Math Help - derivative of an invertible function

  1. #1
    Member
    Joined
    Sep 2005
    Posts
    136

    derivative of an invertible function

    If f(x) is invertible with inverse g(y) then g ' (y) is
    (a) 1/f(g(y))
    (b)1/ f ' (g))
    (c)1/f(x)
    (d) undeined
    (e) none of the above
    Follow Math Help Forum on Facebook and Google+

  2. #2
    Forum Admin topsquark's Avatar
    Joined
    Jan 2006
    From
    Wellsville, NY
    Posts
    9,855
    Thanks
    321
    Awards
    1
    Quote Originally Posted by bobby77 View Post
    If f(x) is invertible with inverse g(y) then g ' (y) is
    (a) 1/f(g(y))
    (b)1/ f ' (g))
    (c)1/f(x)
    (d) undeined
    (e) none of the above
    The inverse function theorem says that if y = f(x) has an inverse x = g(y), then then g'(y) will be 1/f'(x). There is an easy way to see this (though it is much more difficult to prove!):

    If we have a function y(x), then dx/dy = 1/(dy/dx). You can "clear the fraction" in the "denominator" and see that the RHS is also dx/dy. By construction of the derivative, dx/dy would be the derivative of the inverse function.

    Before someone more Mathematically minded than me comes along to remind you, let me say that treating dy/dx as a fraction is a very tricky process and is not a strictly legitimate process even where you can get away with it. (But it does occasionally provide a convenient guideline.)

    -Dan
    Follow Math Help Forum on Facebook and Google+

  3. #3
    Global Moderator

    Joined
    Nov 2005
    From
    New York City
    Posts
    10,616
    Thanks
    9
    Quote Originally Posted by topsquark View Post
    Before someone more Mathematically minded than me comes along to remind you, let me say that treating dy/dx as a fraction is a very tricky process and is not a strictly legitimate process even where you can get away with it. (But it does occasionally provide a convenient guideline.)
    I never, ever, never use it. You can determine which class a person belongs to: a low class (physics) if he uses that trick, a high class (math) if he does not.
    ---
    The complete proof is not so easy, it relys on properties of the interval.
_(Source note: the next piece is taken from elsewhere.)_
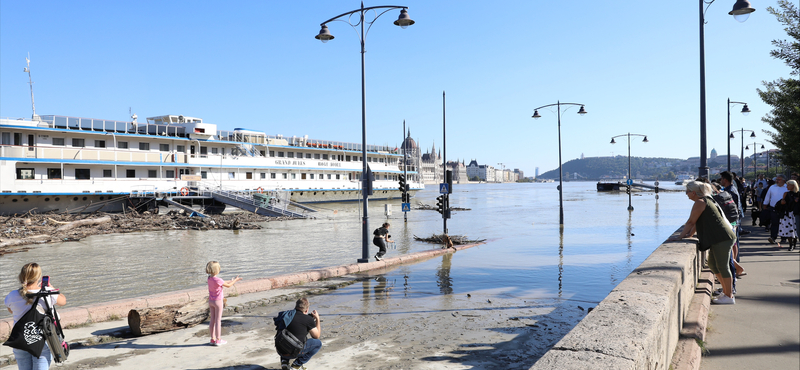 Karácsony: Levonulóban az árvíz, a hét második felére rendbe rakjuk Budapestet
    Anyway here is an almost complete proof.

    Let f be a differenciable function continous on the open interval (a,b).
    Assume, f has an inverse differenciable function g.
    If and only if,
    f o g=x on (a,b)
    Then the derivative is (chain rule: both are differenciable),
    g' * f' o g=1
    Note that f' o g is never zero on (a,b).
    Equivalently,
    g' = 1/(f' o g)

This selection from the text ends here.